- **PROBLEM TO WORK ON**
Your copy should begin at the line containing "Rectum Muscular Strucutre" and end at the last line of the records; transcribe those lines exactly and leave out every picture.

- **AVAILABLE DATA**

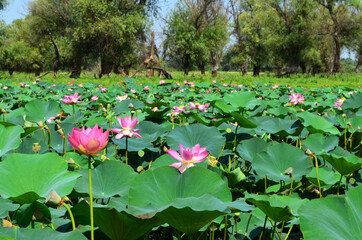 lotus fields in the Astrakhan region, Russia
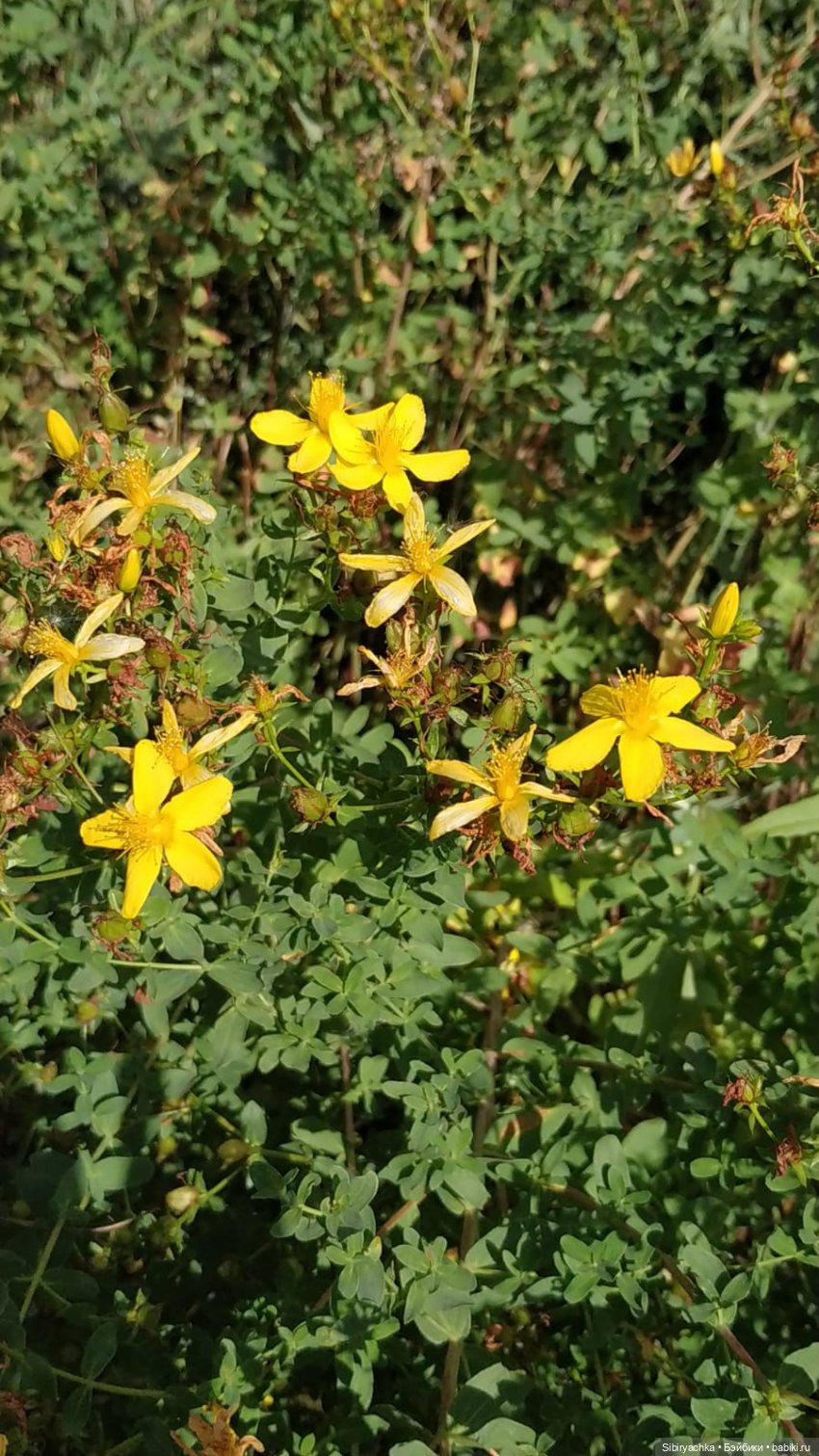 Деревня "Радость" — Игрушки СССР и советского детства: резиновые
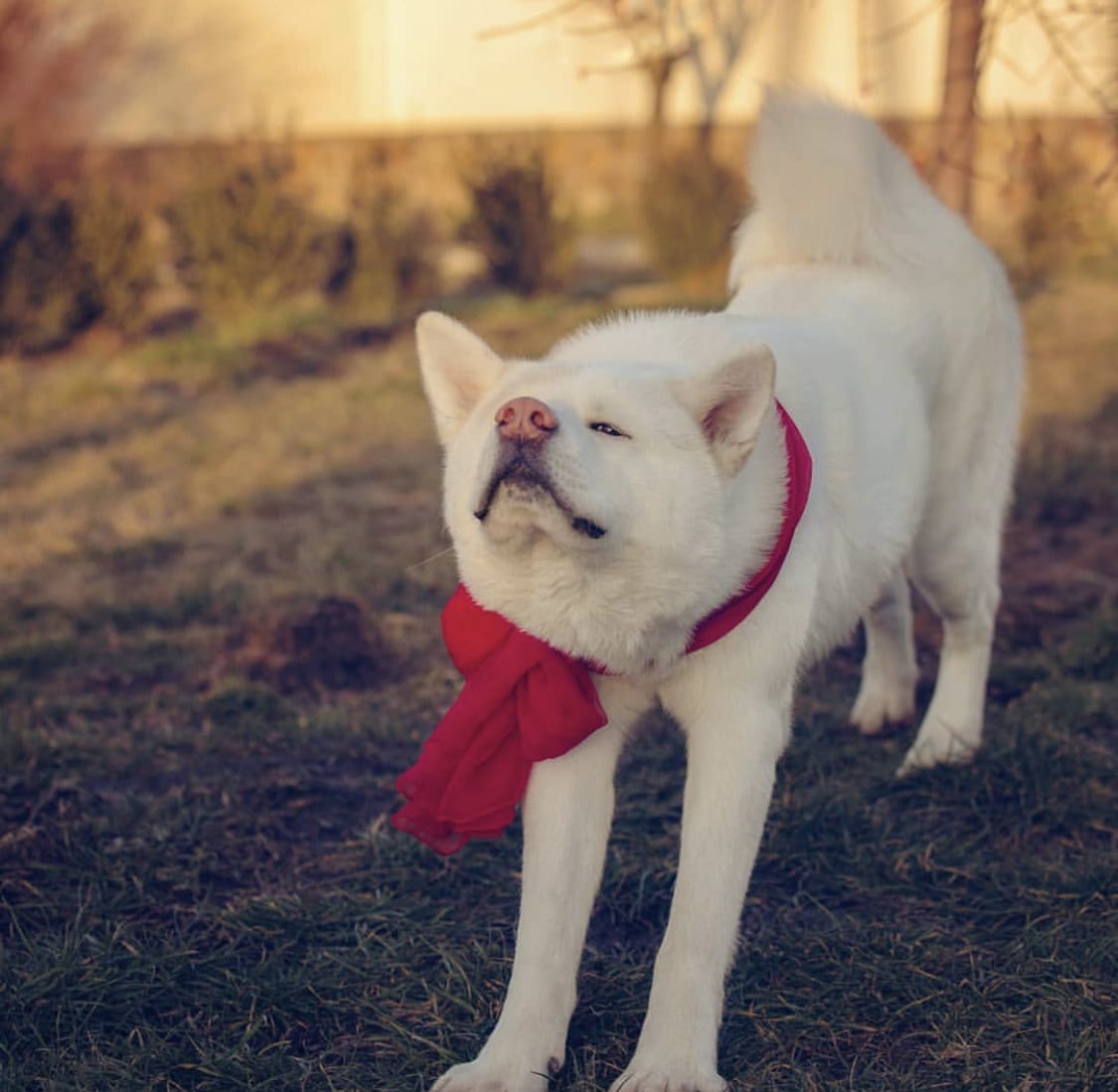 A white Akita stretching in the yard while wearing a red ribbon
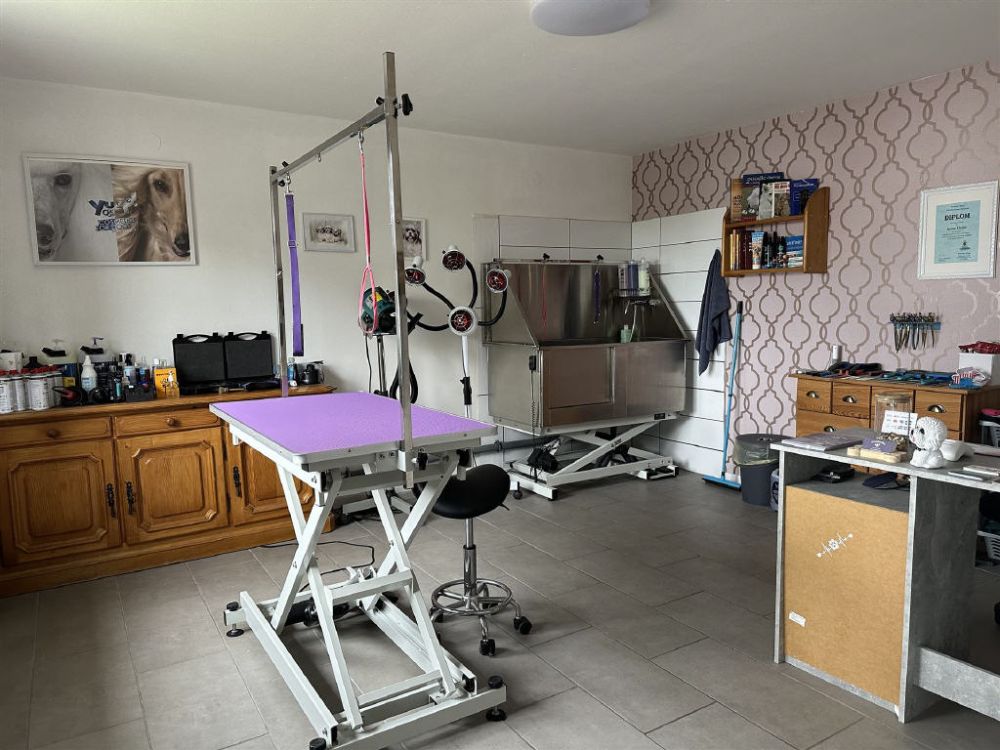 Modernes Wohnen trifft auf zeitlose Gemütlichkeit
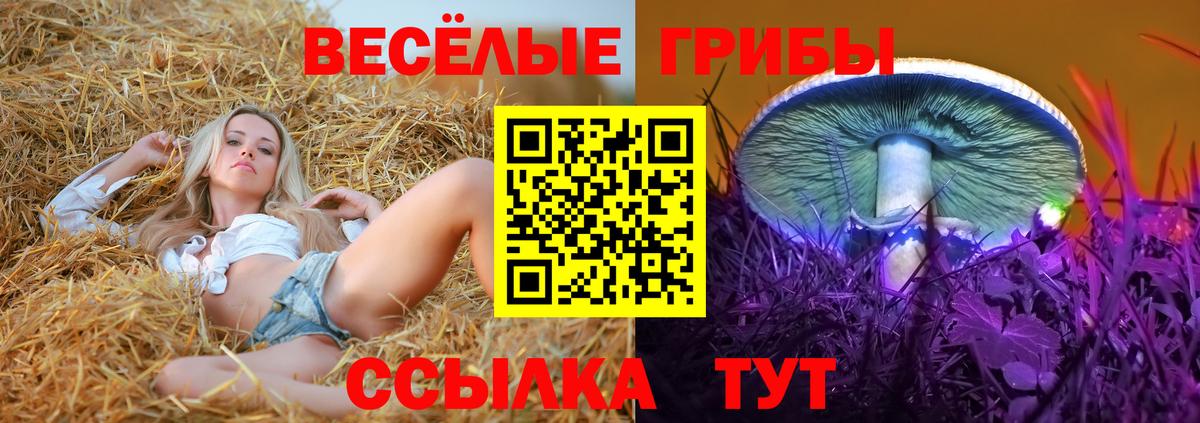 COCAIN  Канабис  Торжок  Альфа ПВП СОЛЬ кристаллы  Меф МЯУ МЯУ кристаллы  ГАШ  Вход с VPN 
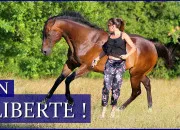 Test Quel cheval/poney de ''Three Hearts'' es-tu ?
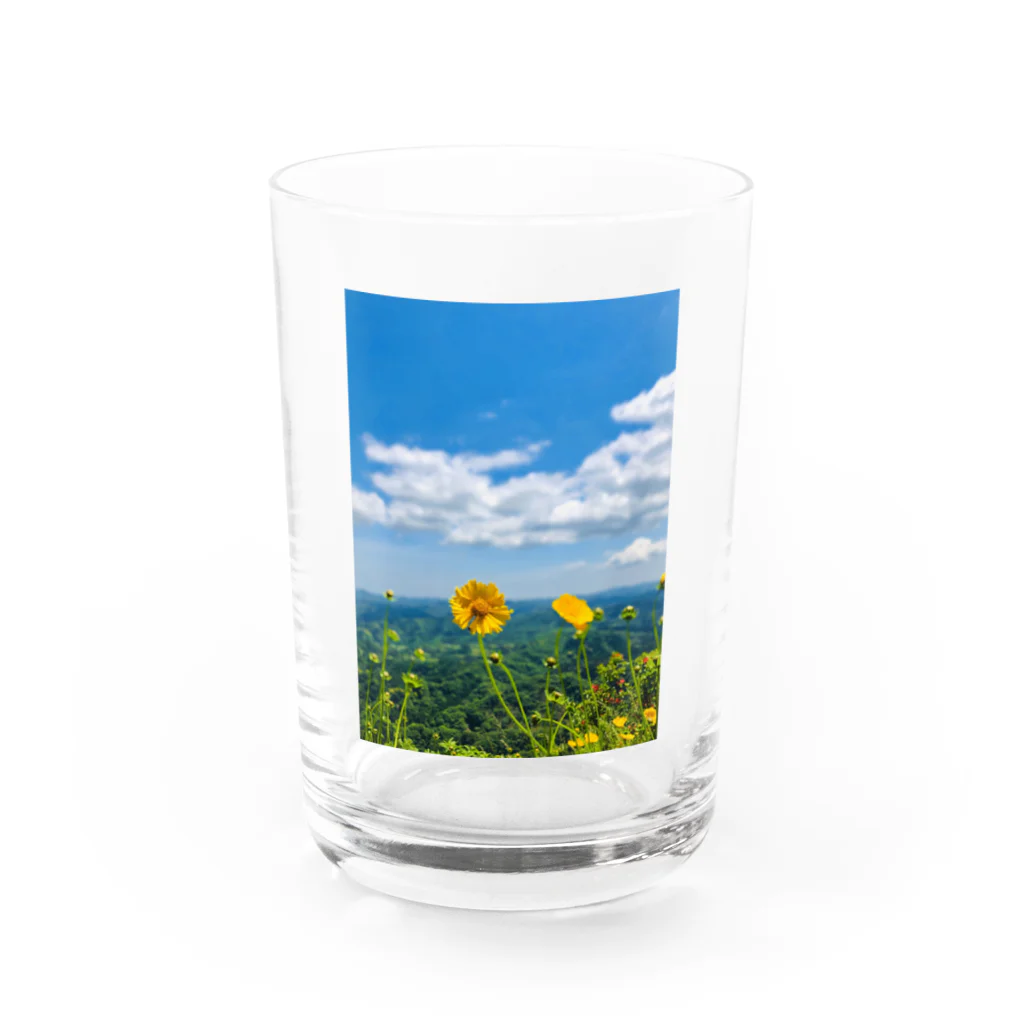 ジャスミンティーのMountainflower Water Glass :front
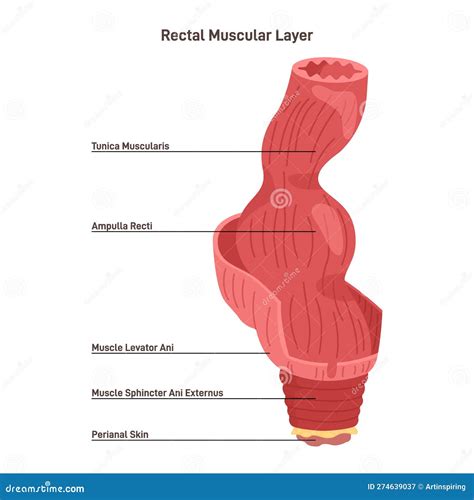 Rectum Muscular Strucutre Perineal Area Skin Anal Canal And Sphincter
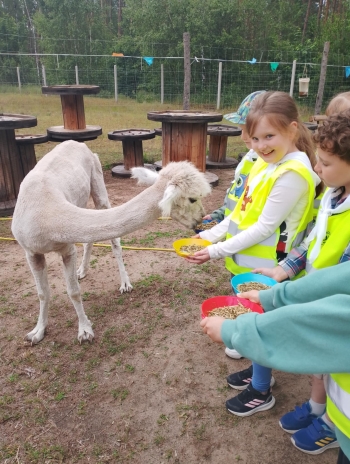 c0479a8d-04f3-4c95-ae84-2e35fc3d3ef4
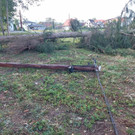 ABD0122-20220818.jpg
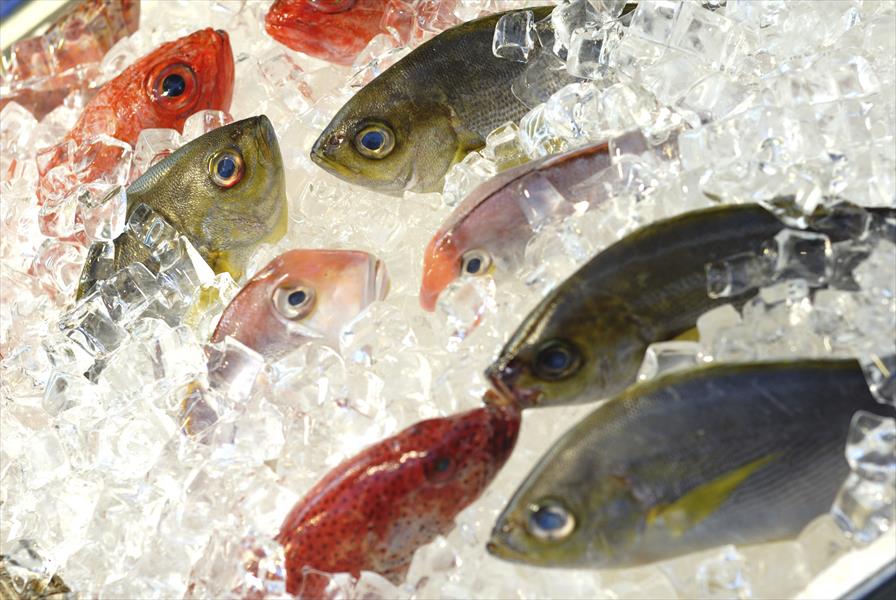 هل تجميد السمك يقلل فوائده الغذائية؟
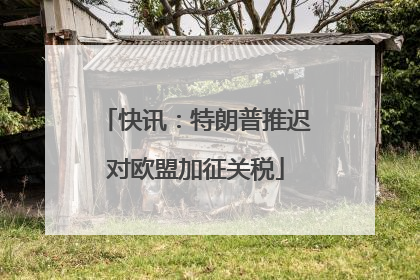 快讯：特朗普推迟对欧盟加征关税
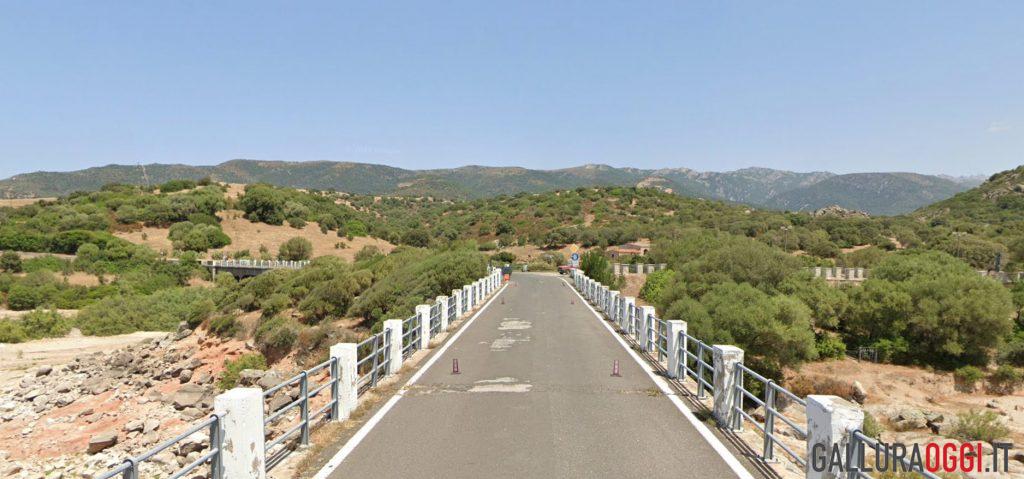 Ponte Diana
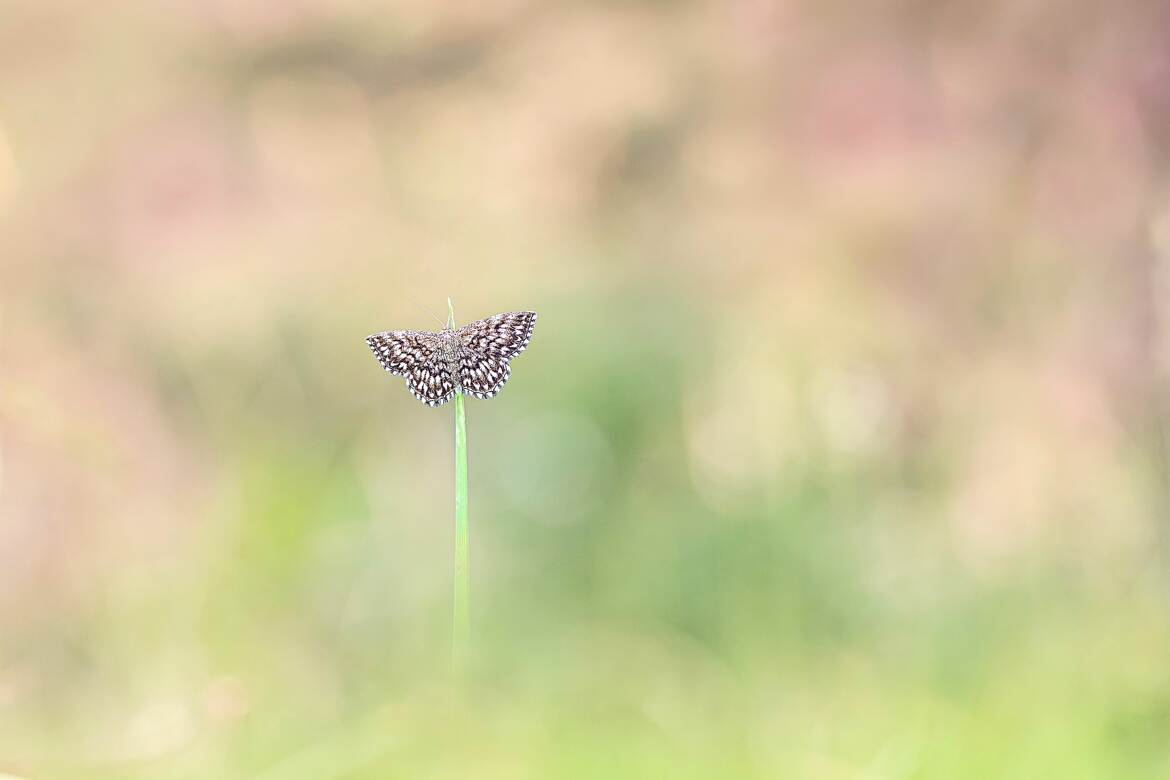 Noyé dans le bokeh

- **FINISHED EXERCISE**
 Rectum Muscular Strucutre Perineal Area Skin Anal Canal And Sphincter
 c0479a8d-04f3-4c95-ae84-2e35fc3d3ef4
 ABD0122-20220818.jpg
 هل تجميد السمك يقلل فوائده الغذائية؟
 快讯：特朗普推迟对欧盟加征关税
 Ponte Diana
 Noyé dans le bokeh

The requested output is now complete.